Juru Bicara Kementerian Haji dan Umrah RI, Maria Assegaff, mengungkapkan hingga Sabtu, 2 Mei 2026, sebanyak 192 kelompok terbang (kloter) telah diberangkatkan. Total jemaah yang sudah berangkat mencapai 74.652 orang, didampingi 765 petugas pendamping.

Dari jumlah itu, 184 kloter membawa 71.362 jemaah dan 733 petugas tercatat sudah tiba di Madinah. Kota Nabi menjadi titik pendaratan pertama bagi mayoritas jemaah Indonesia sebelum mereka melanjutkan perjalanan ke Mekkah.

Pergerakan menuju Mekkah pun mulai meningkat. Sebanyak 36 kloter dengan 14.503 jemaah dan 148 petugas telah tiba di kota suci itu untuk menunaikan umrah wajib sekaligus mempersiapkan diri menghadapi puncak haji di Arafah, Muzdalifah, dan Mina.

Maria menegaskan bahwa seluruh mobilisasi jemaah dilakukan secara terkoordinasi dengan pengawasan ketat. Aspek kenyamanan dan keselamatan menjadi prioritas utama di tengah tingginya arus pergerakan jemaah antarkota suci.

“Secara umum, proses pemberangkatan, kedatangan, serta pergerakan jemaah dari Madinah menuju Mekkah berjalan lancar, tertib, dan terus mendapatkan pendampingan petugas,” ujar Maria dalam keterangannya, Minggu, 3 Mei 2026.

Dalam perkembangan yang juga patut dicatat, rombongan perdana jemaah haji khusus turut telah tiba di Arab Saudi. Maria menyebutkan jumlah mereka mencapai 40 orang, menandai dimulainya kedatangan segmen jemaah haji jalur khusus dari Indonesia.

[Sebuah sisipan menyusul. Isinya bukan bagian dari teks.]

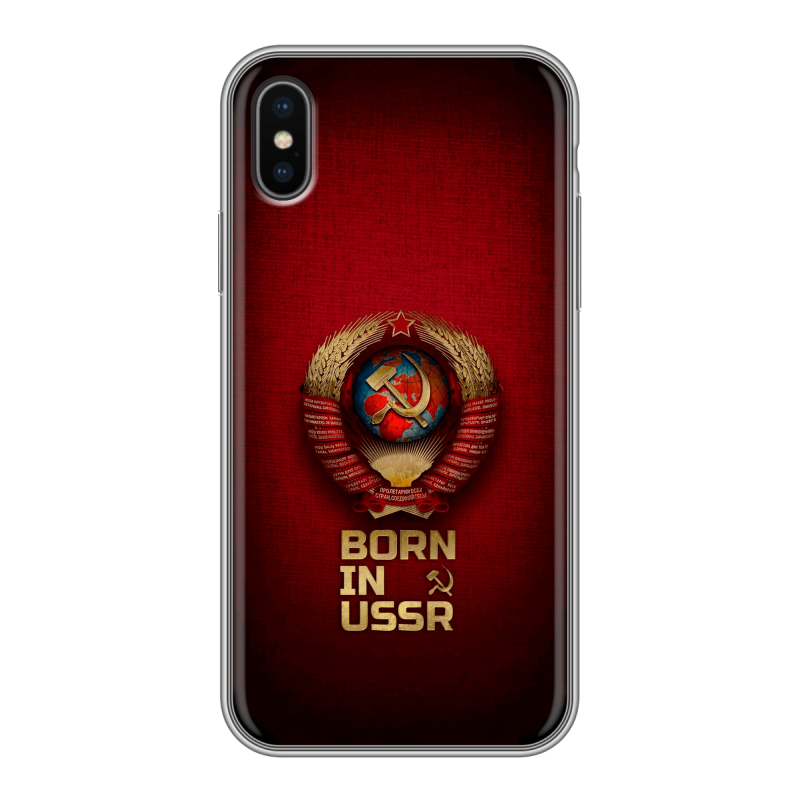 Силиконовый чехол на Iphone x10 с принтом Флаг Герб СССР Силиконовый чехол на Iphone x10 с принтом Флаг Герб СССР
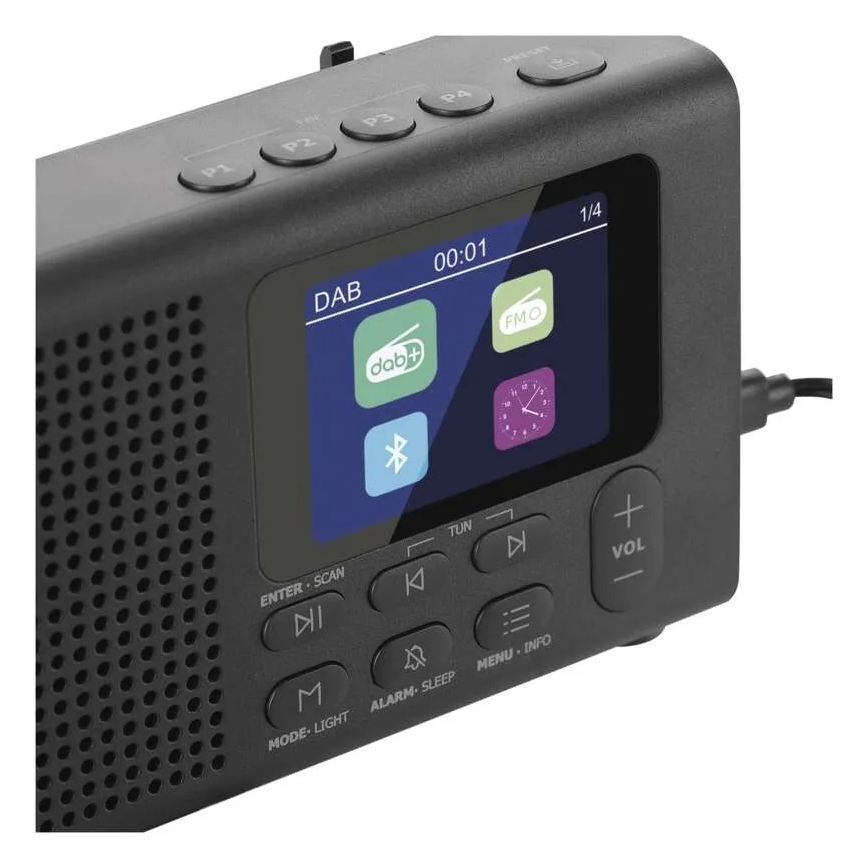 Radio DAB DAB+ FM 3W/5V/4xAA nero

Fase puncak haji yang mencakup wukuf di Arafah, mabit di Muzdalifah, dan prosesi lempar jumrah di Mina menjadi momen paling krusial yang tengah dipersiapkan seluruh pihak. Pemerintah terus memperketat koordinasi agar tidak ada jemaah yang tertinggal atau mengalami hambatan logistik di saat-saat paling penting dalam perjalanan spiritual ini.

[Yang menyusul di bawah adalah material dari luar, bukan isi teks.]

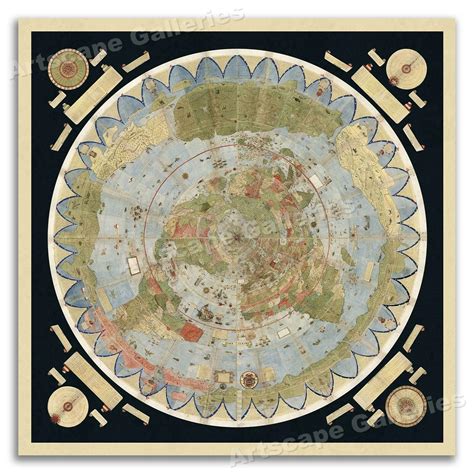 1587 Urbano Monte Flat Earth Map of the World Poster Art Globe - 16x16 ...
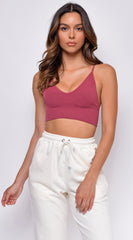 Luca Maroon Red Seamless Ribbed Spaghetti Strap Brami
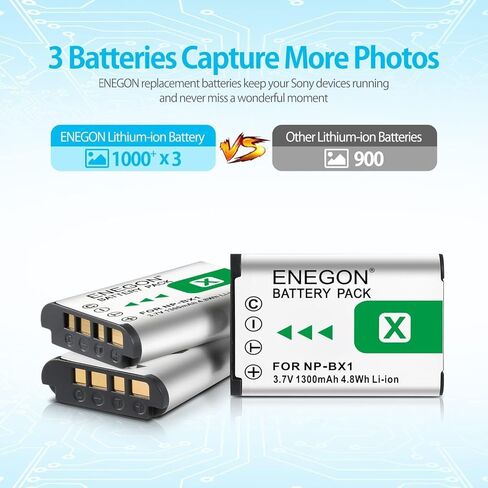بطارية ENEGON NP-BX1 مكونة من 3 قطع + شاحن ثلاثي LCD ذكي، سعة عالية 1300 مللي أمبير في الساعة، متوافق مع سلسلة Sony ZV-1، DSC-RX100 (I، II، III، IV، V، VII) والمزيد، مثالية للتصوير الممتد in Kuwait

Penyelenggaraan haji tahun ini juga diwarnai oleh upaya peningkatan layanan dari sisi teknis operasional. Petugas di lapangan bekerja dalam sistem terpadu untuk memantau pergerakan setiap kloter, memastikan tidak ada celah dalam pengawalan maupun pelayanan kesehatan di sepanjang rute.

Indonesia merupakan salah satu negara dengan kuota haji terbesar di dunia. Keberhasilan mengelola pergerakan puluhan ribu jemaah secara serentak mencerminkan skala operasi yang luar biasa, yang melibatkan lintas instansi dari Kementerian Agama, Badan Pengelola Keuangan Haji, hingga petugas kesehatan dan keamanan di lapangan.

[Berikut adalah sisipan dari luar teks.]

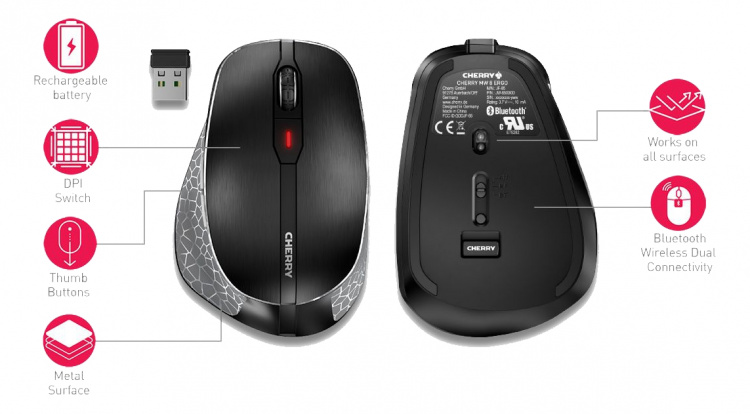 Cherry MW 8 ERGO trådlös mus, 6 knappar, BT & RF svart/grå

Saat ini perhatian mulai beralih ke kesiapan logistik menjelang puncak haji. Ribuan jemaah yang telah tiba di Mekkah sedang menjalani ibadah umrah wajib sebagai bagian dari rangkaian haji tamattu’, sementara yang masih di Madinah bersiap melakukan perjalanan ke Mekkah dalam gelombang berikutnya.

FAQ

Berapa jumlah jemaah haji Indonesia yang sudah berangkat ke Arab Saudi per 2 Mei 2026? Sebanyak 74.652 jemaah dari 192 kloter telah diberangkatkan ke Arab Saudi, didampingi 765 petugas.

Apa yang sedang dilakukan jemaah yang sudah tiba di Mekkah? Jemaah yang telah tiba di Mekkah sedang menjalani umrah wajib dan mempersiapkan diri untuk puncak haji di Arafah, Muzdalifah, dan Mina.

Apakah jemaah haji khusus sudah mulai tiba di Arab Saudi? Ya, rombongan perdana jemaah haji khusus sebanyak 40 orang telah tiba di Arab Saudi.